§ **YOUR INSTRUCTIONS**
Every line from the one bearing "画像をギャラリービューアに読み込む, FLARED SWEAT PT / 02_GRAY" through the last line of the records below is to be output exactly, and no other line; leave out the pictures.

§ **AVAILABLE DATA**

• • •

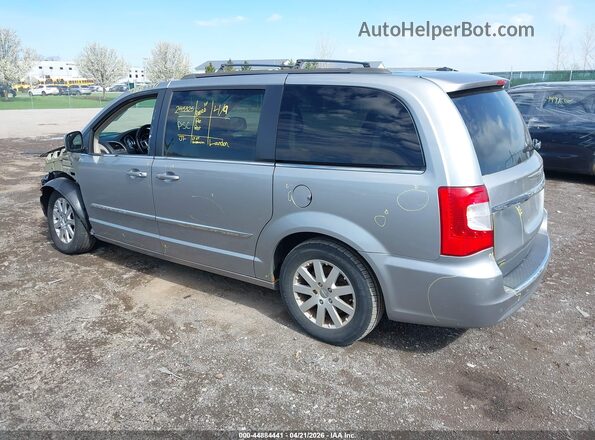 2C4RC1BG7GR280935 2016 CHRYSLER TOWN & COUNTRY Gray 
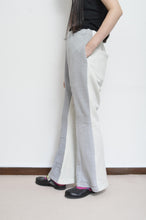 画像をギャラリービューアに読み込む, FLARED SWEAT PT / 02_GRAY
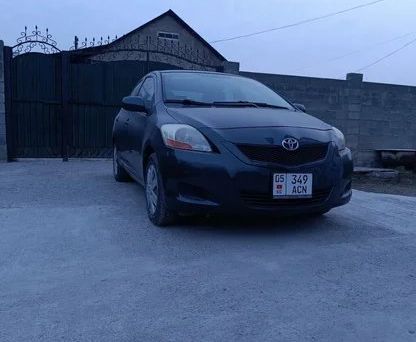 Toyota Yaris, 2009 — сүрөт 1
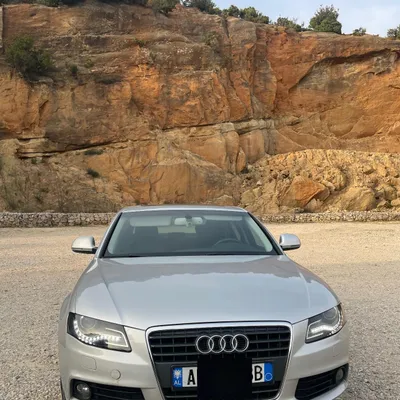 Audi A4 2009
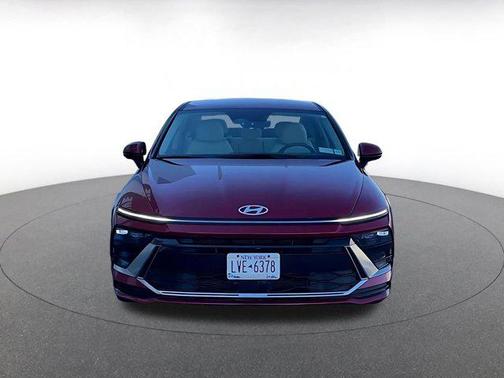 2025 Hyundai SONATA Hybrid SE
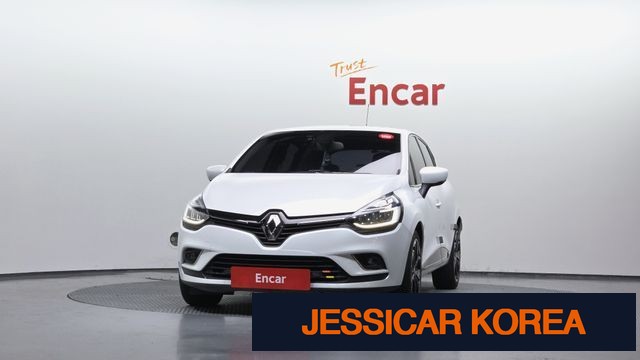 2018 Renault Korea clio - Thumbnail 2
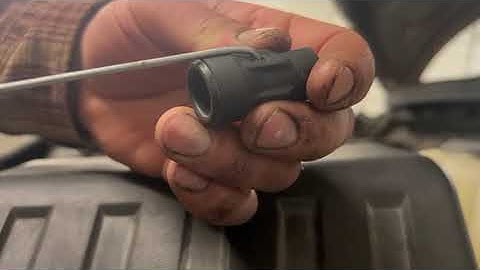 3.5 Ecoboost Stuck Coil Boot! EASY FIX!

• • •

§ **ANSWER SECTION**
 画像をギャラリービューアに読み込む, FLARED SWEAT PT / 02_GRAY
 Toyota Yaris, 2009 — сүрөт 1
 Audi A4 2009
 2025 Hyundai SONATA Hybrid SE
 2018 Renault Korea clio - Thumbnail 2
 3.5 Ecoboost Stuck Coil Boot! EASY FIX!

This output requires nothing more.